Tacoma Owners Say What They Would Like To See in an Electric Tacoma
I asked this question if Toyota Tacoma drivers are ready to accept an electric Tacoma, should that be available one day. Here are some of the interesting responses people shared under my question at the Toyota Tacoma Enthusiasts FB group.. The general sentiment is openness, but but some improvements are necessary.
One comment writes that while there are hybrid trucks out there he doesn't think an all-electric Toyota Tacoma would be strong enough, but "hey, technology is advancing every day."
"Its a good thing, but for my own selfish reasons, I'd prefer gas", writes another commenter. "I couldn't imagine how stupid I'd feel trying to race a vehicle with no engine sound. The engine making noise has a lot to do with the "intensity" (for lack of a better term) of driving. Without that, it would just be weird trying to drive aggressively with no sound other than tires," he adds.
Tow Capacity and Range
Few other people commented saying their concerns about the towing capacity and the EV range, when it comes to the possibility of having an EV Tacoma. The solution offered was to buy a Toyota Prius and a truck. One to save the planet and the other for work.
"I would be fine with an electric truck, with a few caveats. Range has to be decent, and towing capacity for light duty trailers, along with some power under the "gas" petal. You need some torque and power to tow, so that is the challenge the automakers must overcome," writes James Arnold, whose Toyota Tacoma is pictured in this story. He also added that 100+ miles of range "is sufficient" when it comes to a decent range for a start. "But that's hard to judge, some folks really don't need that much range, but others do," Arnold writes.

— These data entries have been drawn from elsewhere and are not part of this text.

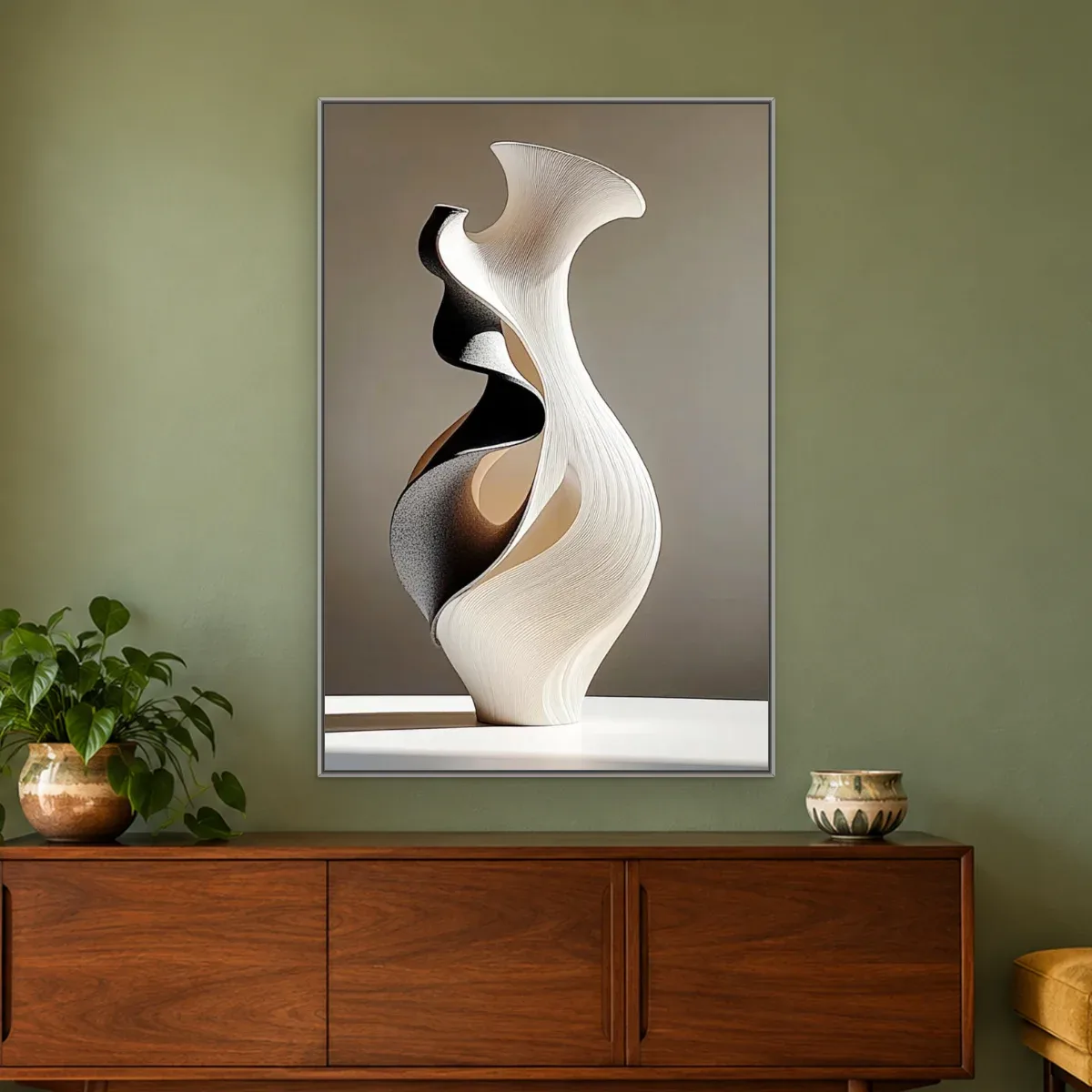 Quadro Decorativo Canvas Onda Marfim - ES0039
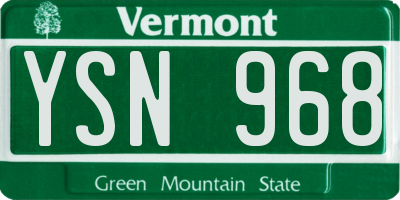 VT license plate YSN968
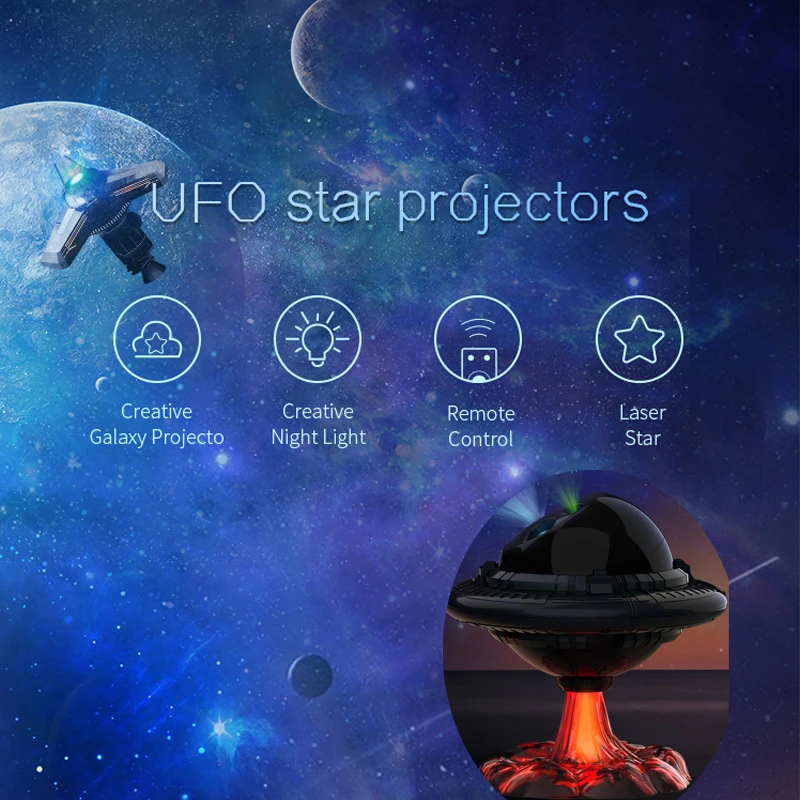 UFO Starry Sky Projection Lamp Laser Starry Sky Table Lamp Gift Atmosphere Nightlight Ornament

Some people pointed out to the availability of Lithium Ion batteries, which are already being used to power commercial electric vehicles, such as buses and off-highway cars. But they also questioned the cleanness of battery technology. "The making of most rechargeable batteries is almost as bad as the output of a gas engine. Organic batteries or a way to reuse pollutants or something and I am absolutely sold. Better batteries means faster charging means longer trips with less stops," writes a commenter named Chris. He, though, also acknowledges that his source on the pollution created by the manufacturing of rechargeable batteries is from 2013 and it may be a bit old now. Has the technology of making EV batteries improved, becoming a more clean? How clean is the source electricity put in my truck?
If Tacomas one day went electric it may not be correct to assume that they will be used by regular people. They, or EV trucks in general, will probably be used by fleet companies or cities for which the distance is not an issue. "I could see the first waves of truck style EVs to be fleet operated by cities and governments. There, distance might not be as big an issue. I could even see EVs used in Mining, especially underground where we have an abundance of power and a demand for low emissions. It's going to start somewhere," points Matts in a concluding comment.
What is your opinion? Would you drive an electric Toyota Tacoma if the above-mentioned concerns were addressed? What range would you need to make it acceptable for you?